What this prompt does
This prompt has the AI act as a senior mobile engineer and return working server and client code for the full push notification flow, not a high-level overview. You provide the [platform], the [service], the [backend] stack, and the primary [use_case], and it returns server code, client code, and an example payload, each in its own fenced block.

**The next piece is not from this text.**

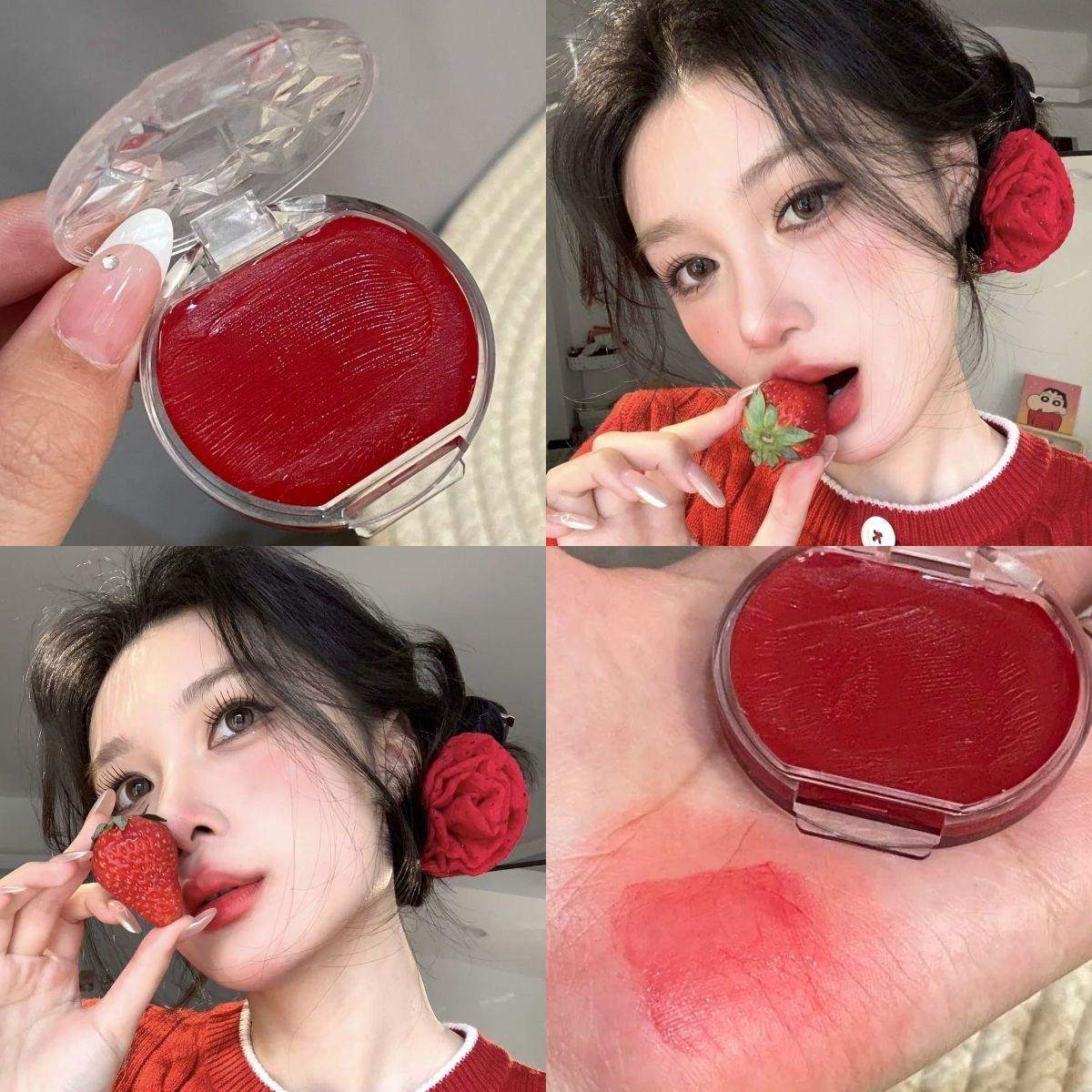 有被嫩到了！！单色珠光眼影腮红卧蚕多用膏上脸清透自然立体提亮,彩妆/香水/美妆工具,睫毛夹,淘宝优惠券,粉丝福利购,淘宝优惠卷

The five deliverables span every layer where push breaks at once: iOS and Android permission requests with a sensible opt-in UX and a re-ask path after a soft deny; device-token registration to your backend with refresh and de-duplication so one user does not collect stale tokens; topic subscription and user segmentation plus both scheduled and event-triggered sends for your [use_case]; rich payloads with images and action buttons and deep linking that routes correctly from cold start and background; and delivery and open-rate analytics with guidance on testing the whole loop on a real device. The structure works because push fails silently at the token, payload, deep link, and cold-start layers, and the prompt forces each one to be handled.
When to use it
- You are adding push notifications and need both the backend send logic and the client handling.
- You keep collecting stale device tokens and need refresh and de-duplication.
- You want topic-based segmentation plus scheduled and event-triggered sends.
- You need deep links that route correctly when the app is tapped from a killed state.
- You want delivery and open-rate analytics rather than fire-and-forget sends.
Example output
You get three fenced blocks: server code that registers and de-duplicates device tokens and sends scheduled and event-triggered notifications through your [service], client code handling permissions, the re-ask path, and deep-link routing from cold and background states, and an example rich payload with an image, action buttons, and the deep-link target for your [use_case].
Pro tips
- Always test the tap-from-killed-app path; it routes differently from a backgrounded app and breaks silently in production.
- Get token refresh and de-duplication right early - stale tokens are why a user's notifications quietly stop arriving.
- Match
[service]to your real provider so the send code and payload format are correct as written. - Set
[use_case]specifically (order updates, re-engagement) so the segmentation and trigger logic fit your actual sends. - Design the soft-deny re-ask path deliberately; if you burn the OS permission prompt, you cannot ask again natively.
- Match
[backend]to your stack so the token-registration endpoint and send worker drop into your codebase. - Verify deep links route correctly from a backgrounded app too, not only cold start; the two paths hit different lifecycle hooks and one often works while the other does not.
- Track open rate alongside delivery, since a payload that delivers but never gets tapped usually means the copy or timing is wrong, not the plumbing.